A real-time video anonymization system designed for privacy-preserving video monitoring. The system detects and anonymizes people in video streams while preserving visual content for security, home automation or other monitoring purposes. The main idea is to allow the use of more powerful AI models for processing the video stream while keeping the visual content private. This way, the user can use the full power of AI models whether they are deployed on-premise or in the cloud minimizing concerns about privacy.
Built specifically for the reCamera SG200X platform with additional implementations for development and desktop use.
- Real-time human detection using YOLOv11 segmentation models
- Multi-platform support: Python, C++, reCamera
- Multiple anonymization modes: blur, background replacement, solid fill (C++ implementations use background replacement)
- Background modeling using different OpenCV algorithms (Python only). C++ implementation uses a simplified method.
- Visual object tracking to handle missed detections (Python only)
- RTSP streaming for reCamera devices
- GPU acceleration support in Python and C++ implementations
This repository contains three distinct implementations:
Location: python/
Best for: Development, testing, and desktop applications
- Easy to use and modify
- Interactive preview and debugging
- Several configuration options and modes
- OpenCV for video processing
- GPU acceleration support (CUDA)
Location: cpp/default_project/
Best for: High-performance applications on standard platforms
- Cross-platform C++ implementation
- ONNX Runtime for model inference
- OpenCV for video processing
- GPU acceleration support (CUDA)
Location: cpp/recamera_project/
Best for: Edge deployment on reCamera devices
- Optimized for Sophgo SG200X ReCamera
- RISC-V architecture support
- OpenCV for video processing
- H.264 RTSP streaming
- TPU acceleration for AI inference
- Low power consumption optimized for edge deployment
- Limitations: Only supports a simplified background replacement anonymization mode due to computational constraints
cd python
pip install -r requirements.txt
python main.pyFollow the instructions in the cpp/README.md file to build the projects.
- YOLOs-CPP: C++ implementation of YOLO models for object detection.
- ONNX Runtime
- OpenCV
- CMake
- C++17 compatible compiler
- Sophgo SG200X SDK and RISC-V GNU Toolchain
- sscma-example-sg200x: reCamera applications using SSCMA, a middleware for Sophgo camera devices with AI acceleration.
- OpenCV (3.4.13)
The system uses by default the following segmentation models:
- Python:
yolo11n-seg.pt. Automatically downloaded by Ultralytics library. - Default C++:
yolo11n-seg.onnx. Needs to be downloaded and converted using YOLOs-CPP library - reCamera:
yolo11n-seg.cvimodel. Included in the reCamera device. - Class labels:
models/coco.names
The Python and the default C++ implementation can use more powerful models than the YOLO "nano" version to obtain better results.

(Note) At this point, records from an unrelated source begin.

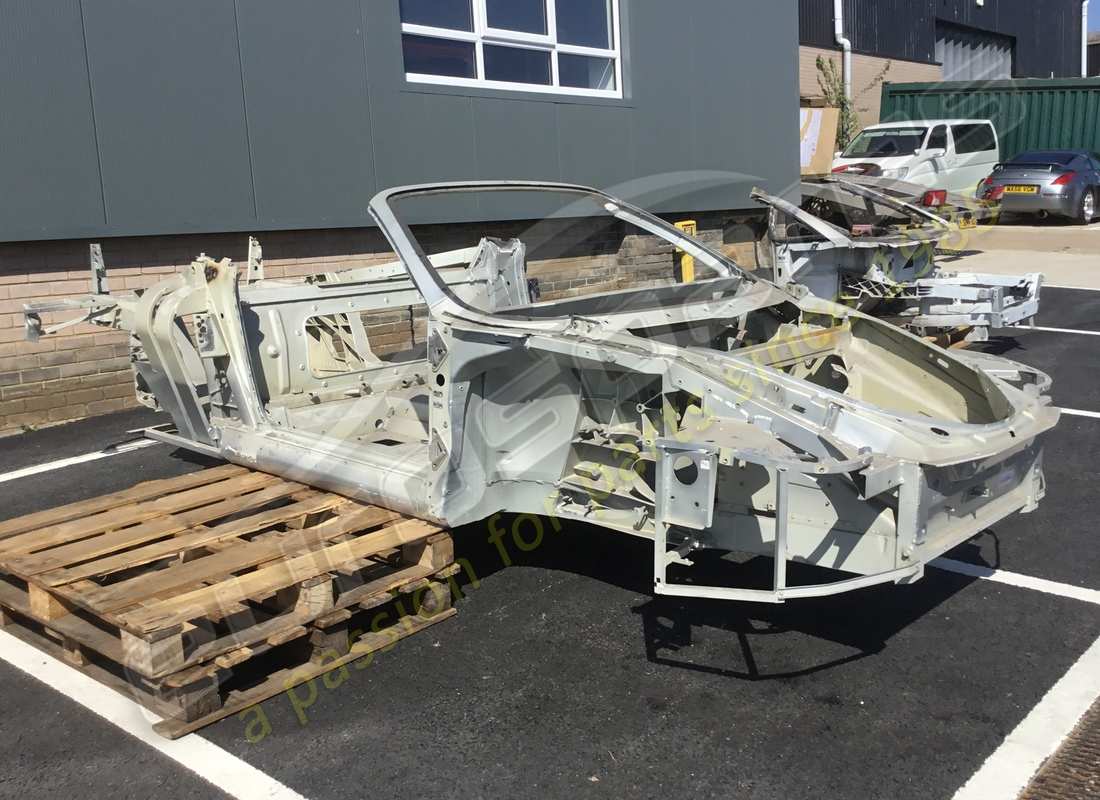 nouvelle carrosserie complète ferrari. numéro de pièce 360shell (1)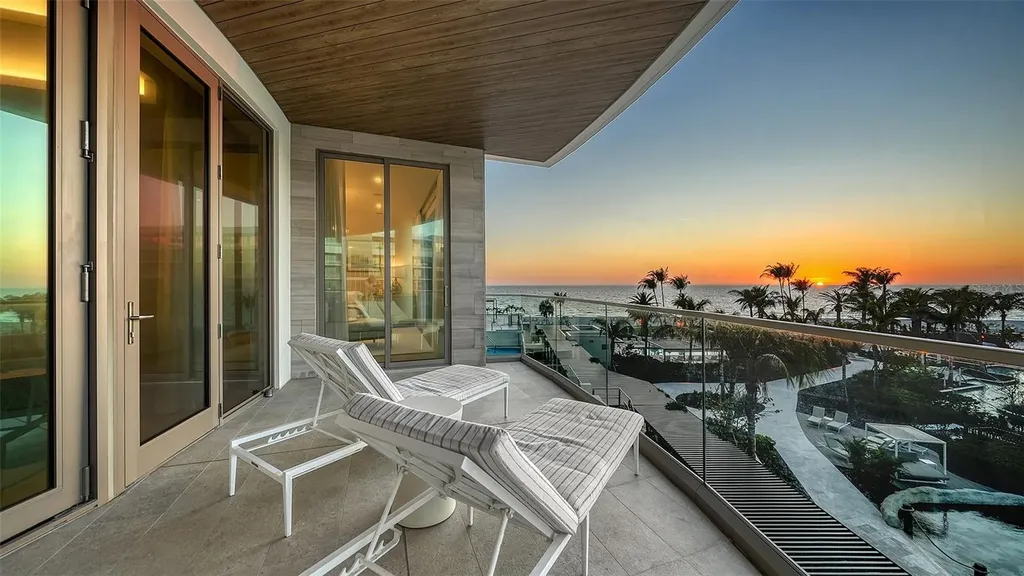 1561 Gulf Of Mexico Drive Longboat Key FL 34228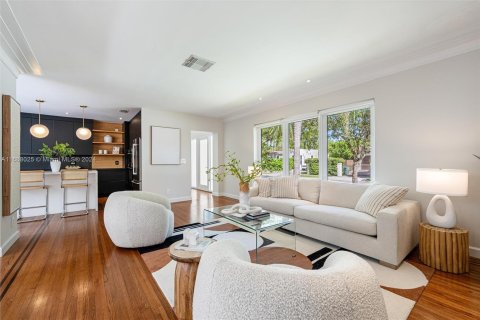 Casa en venta en Miami, Florida, 3 dormitorios, 179.86 m2 № 1429634 - foto 5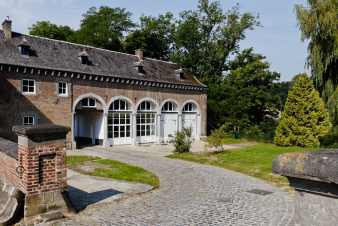 Luxe vakantiehuis in Gembloux: kasteel voor 9 nabij de Ardennen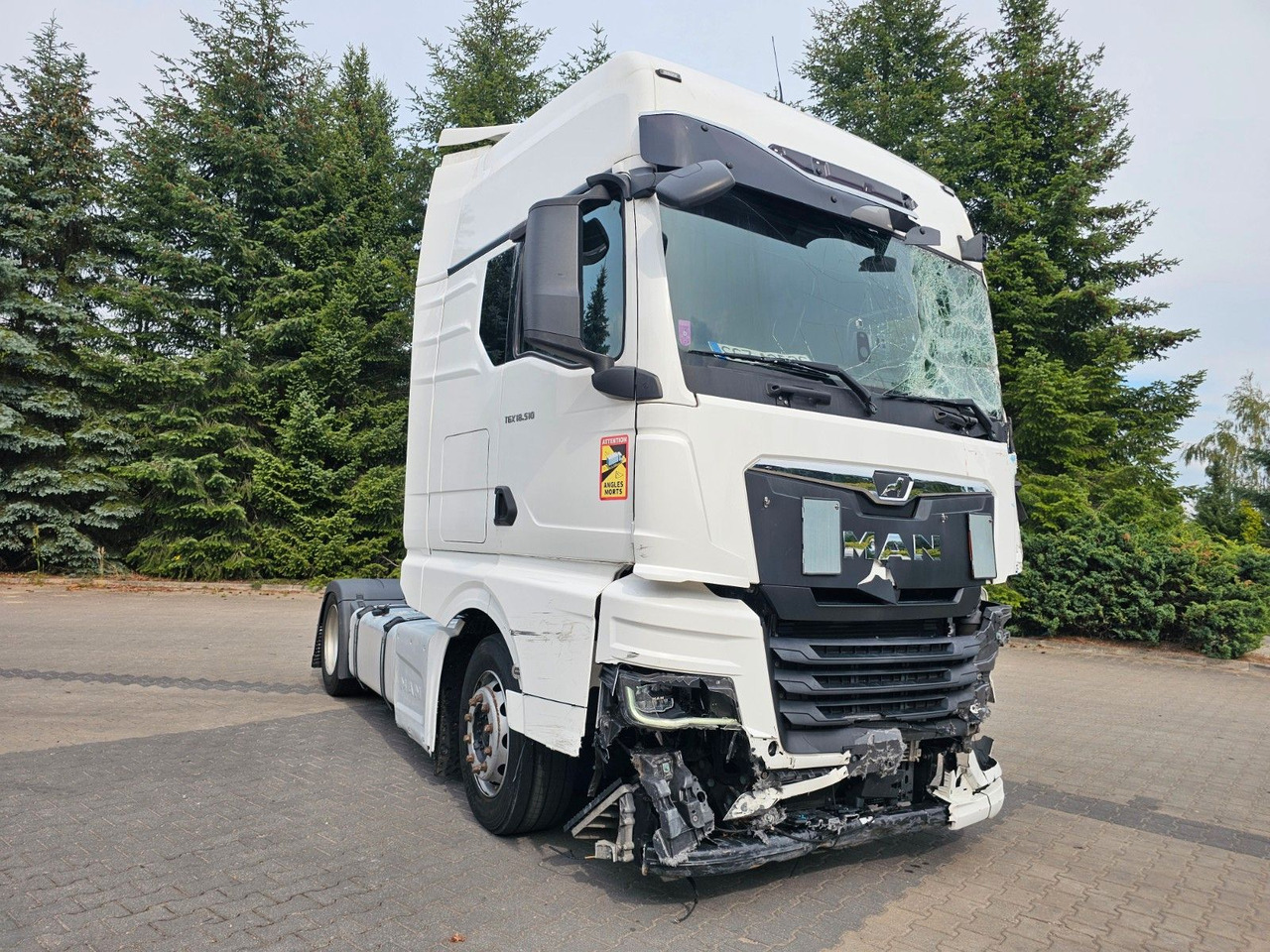 MAN TGX 18.510 XXL INTARDER - Motor , Rahmen 100% OK - Sattelzugmaschine: das Bild 2 MAN TGX 18.510 XXL INTARDER - Motor , Rahmen 100% OK - Sattelzugmaschine: das Bild 2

Given a detection mask such as the one shown below, the system can apply different anonymization modes:
A solid fill is applied to the detected mask so the human is completely hidden.
A Gaussian blur is applied to the detected mask so the human cannot be identified.
The detected mask is replaced with the background model. This background model is learned from the previous frames of the video stream, taking into account only the areas with no people detected. This background model is updated over time to adapt to the changes in the scene.
The C++ and reCamera implementations only support a simplified version of this method due to computational constraints in the reCamera device.
- Frame Capture: Get video frame from source
- Human Detection: YOLO model detects people and generates segmentation masks
- Visual Object Tracking: Track detected objects across frames to handle missed detections (Python only)
- Background Modeling: Learn and update background model over time
- Mask Processing: Combine detection masks with morphological operations
- Anonymization: Apply chosen anonymization method to human regions
- Output: Stream or save processed frame
- Process previous frames of a detection to enhance privacy. This requires delaying the video stream
- Performance optimization of reCamera implementation. The AI model output can be processed more efficiently
- Export detection information to MQTT for HomeAssistant integration
- Stream video using other protocols than RTSP
- Update OpenCV to a more recent version in the reCamera implementation
This project is licensed under the MIT License. See the LICENSE file for details.